« Nous ferons en sorte que la fluidité soit assurée », déclarait en mars 2018 le préfet de la région Île-de-France, à la création de cinq Centres d’accueil et d’évaluation de situation (CAES) franciliens, destinés à devenir le premier rouage de la politique d’accueil des exilés en France. Il est censé permettre, en une quinzaine de jours, d’évaluer la situation de chacun et de lancer la procédure administrative adaptée : demande d’asile, orientation vers une structure d’accueil des réfugiés, etc…

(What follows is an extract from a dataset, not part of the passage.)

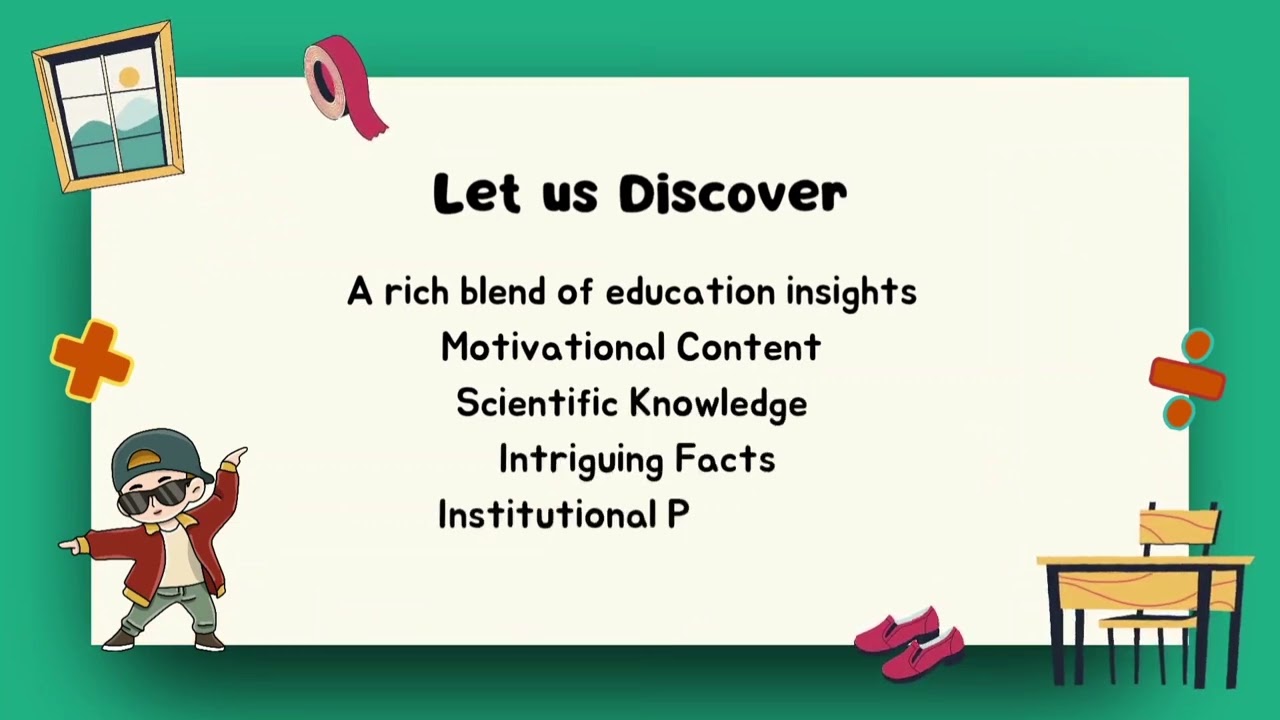 Teaser Video - Growth360°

De la théorie à la pratique, il y a souvent un pas. A Nanterre, le CAES propose un tout autre tableau que celui dépeint à l’origine par les pouvoirs publics. Dans un bâtiment voué à la démolition, aux conditions d’accueil sommaires, les exilés venus en France logent une à deux semaines… avant, le plus souvent, de retourner à la rue dans un ballet qui semble témoigner de l’échec d’une politique publique, malgré les efforts des travailleurs sociaux censés assister ces naufragés.

Ce constat, d’une fluidité assurée mais à l’efficacité très limitée, est issu de plusieurs semaines d’enquête menée sur place, sans invitation mais aussi lors d’une visite proposée aux députés de la commission des lois en septembre dernier. Une troisième visite a été menée en octobre, et en interrogeant les différents acteurs en charge de la structure nanterrienne, de la préfecture aux responsables associatifs du centre, qui doit d’ailleurs bientôt fermer.

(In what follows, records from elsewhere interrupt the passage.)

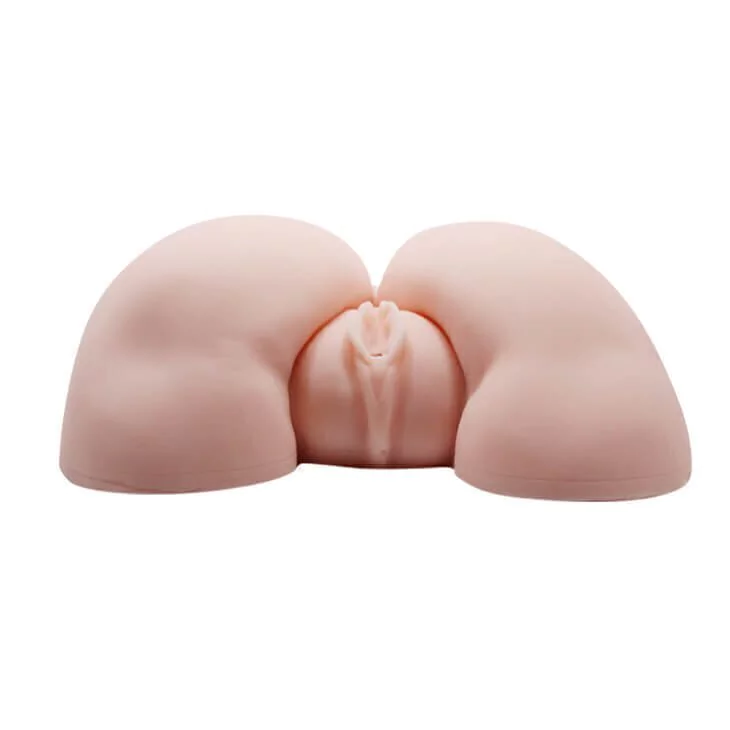 Crazy Bull VAGINA y ANO - 009023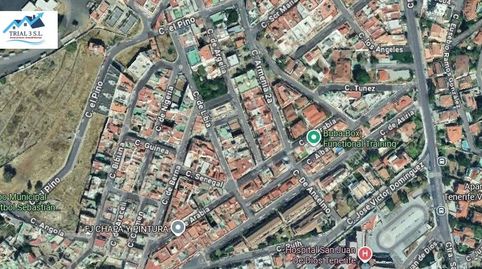 Foto 2 de Casa o xalet en venda a Vistabella - Villa Benitez - Ballester, Santa Cruz de Tenerife Capital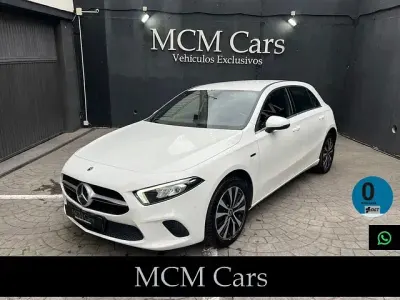 Usado Mercedes A250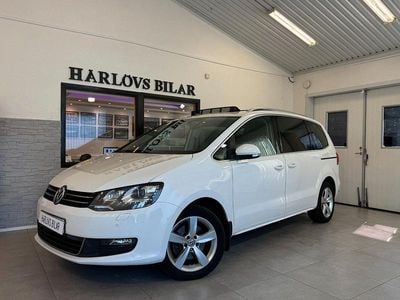 VW Sharan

Si les institutions se félicitent de l’efficacité de cette nouvelle structure, les premiers concernés, eux, dénoncent un hébergement précaire à tous les niveaux, peu susceptible de jouer le rôle qui lui a été attribué. Sa seule vraie réussite consisterait à bien avoir permis de désengorger partiellement la porte de la Chapelle d’une partie de ses exilés, qui y reviennent cependant régulièrement, faute d’issue aux quelques nuits passées dans un des CAES de la région.

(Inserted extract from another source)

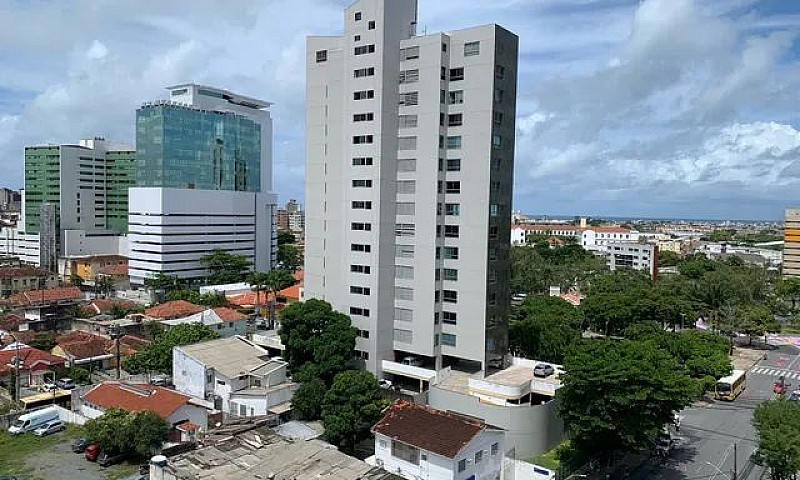 Flat Othon Metropoli...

Selon la préfecture des Hauts-de-Seine, 4 238 personnes ont été prises en charge par le CAES de Nanterre depuis mars 2018, dont 2 903 d’entre elles ont été orientées, soit 70 %.

« On est dans la politique du découragement », déplore une travailleuse sociale des Hauts-de-Seine au fait de ces questions (et qui a souhaité rester anonyme, Ndlr). « Ils sont évalués en deux semaines puis envoyés vers d’autres structures d’Île-de-France ou de province, résume-t-elle du fonctionnement des CAES. Tout en étant assidus aux différentes étapes de leur procédure, qui pour un Afghan, un Soudanais ou un Guinéen, peut être incompréhensible. »

Parmi les cinq CAES d’Île-de-France, dont l’objectif est l’enregistrement et l’orientation rapide des migrants, celui de Nanterre a ouvert ses portes en mars 2018. Située boulevard Émile Zola, la structure accueille 144 personnes en flux tendu dans le cadre du CAES, auxquelles s’ajoutent les 200 personnes du centre d’Hébergement d’urgence pour demandeurs d’asile (Huda) inclus dans cet immeuble de 15 étages datant de 1975. La structure gérée par l’association Aurore repose sur un budget de « 4 millions d’euros par an environ », comptabilise son directeur Frédéric Ducauroy.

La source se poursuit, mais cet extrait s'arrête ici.